Now, depending on the version of MySQL that you are using, tables derived from subqueries may not have any indexes upon them that can be used for further processing: consequently the join with b may require a full scan of that derived table (there's insufficient information in your question to determine exactly how much of a problem this might be, but schema1.tableb having 1.5 million records suggests it could be a significant factor).

See Subquery Optimization for more information.

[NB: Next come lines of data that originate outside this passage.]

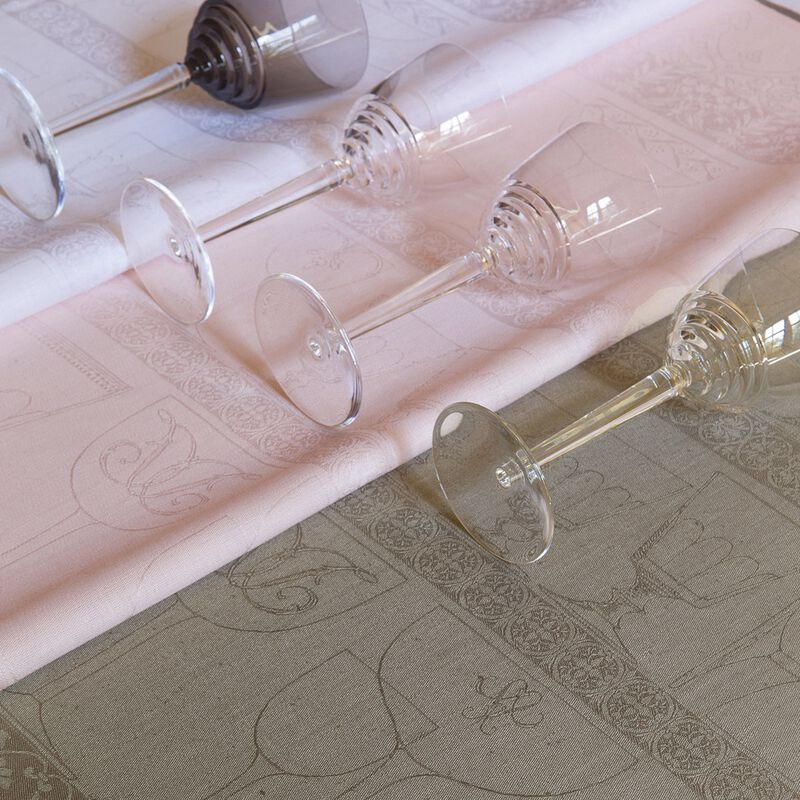 Le Jacquard Francais | Linen Crystal Towel, Blackpepper, featuring delicate crystal glassware motifs, with six clear wine glasses displayed atop, ideal for drying fine glassware.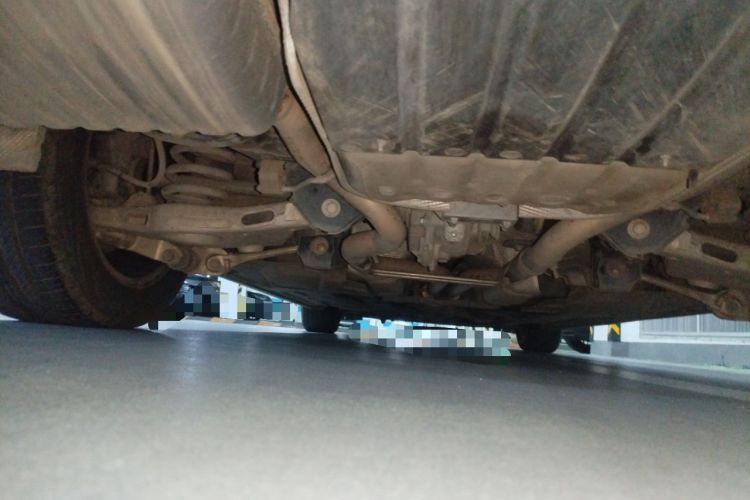 Used Jaguar XFL 2020 XFL 2.0T P200 Two-Wheel-Drive Windflower Edition Chassis Rear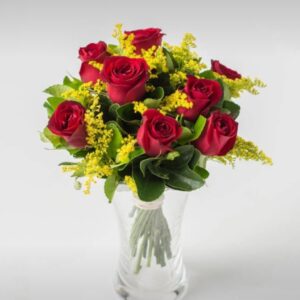 Arranjo de 8 Rosas Vermelhas em Vaso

One should therefore try to avoid using derived tables if at all possible. In this case, there does not appear to be any purpose to your derived table as one could simply join schema1.tablea and schema1.tableb directly:

UPDATE   schema1.tablea a
    JOIN schema1.tableb b USING (ID, Lookup)
SET      a.Elg_IDpart1 = b.IDpart1, 
         a.Elg_IDpart2 = b.IDpart2
WHERE    a.Elg_IDpart1 IS     NULL
     AND a.ID          IS NOT NULL
     AND b.IDpart1     IS NOT NULL
     AND b.Lookup      IS NOT NULL
ORDER BY ID, Lookup

The only thing that has been lost is the filter for DISTINCT records, but duplicate records will simply (attempt to) overwrite updated values with those same values again—which will have no effect, but may have proved very costly (especially with so many records in that table).

The use of ORDER BY in the derived table was pointless as it could not be relied upon to achieve any particular order to the UPDATE, whereas in this revised version it will ensure that any updates that overwrite previous ones take place in the specified order: but is that necessary? Perhaps it can be removed and save on any sorting operation.

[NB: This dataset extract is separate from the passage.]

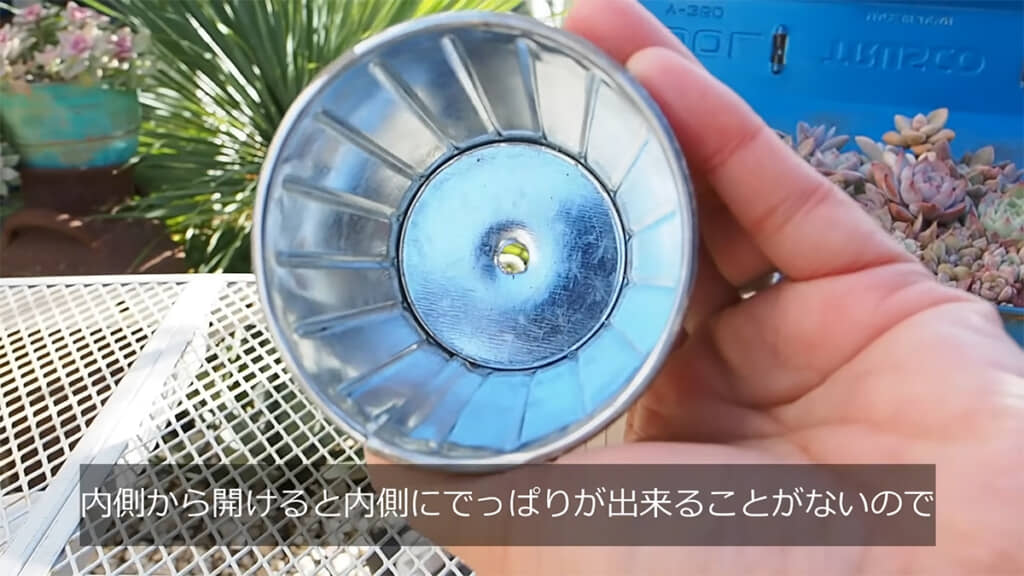 缶の底に穴を開けました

One should check the predicates in the WHERE clause: are they all necessary (the NOT NULL checks on a.ID and b.Lookup, for example, are superfluous given that any such NULL records will be eliminated by the JOIN predicate)?

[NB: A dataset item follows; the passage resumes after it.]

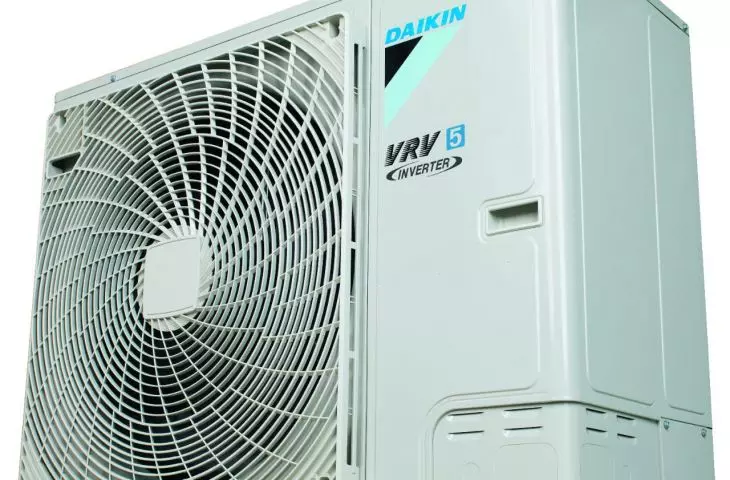 Daikin's mini VRV 5 air conditioning system on R-32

Altogether, this leaves us with:

UPDATE   schema1.tablea a
    JOIN schema1.tableb b USING (ID, Lookup)
SET      a.Elg_IDpart1 = b.IDpart1, 
         a.Elg_IDpart2 = b.IDpart2
WHERE    a.Elg_IDpart1 IS     NULL
     AND b.IDpart1     IS NOT NULL

Only if performance is still unsatisfactory should one look further at the indexing. Are relevant columns (i.e. those used in the JOIN and WHERE predicates) indexed? Are the indexes being selected for use by MySQL (bear in mind that it can only use one index per table for lookups: for testing both the JOIN predicate and the filter predicates: perhaps you need an appropriate composite index)? Check the query execution plan by using EXPLAIN to investigate such issues further.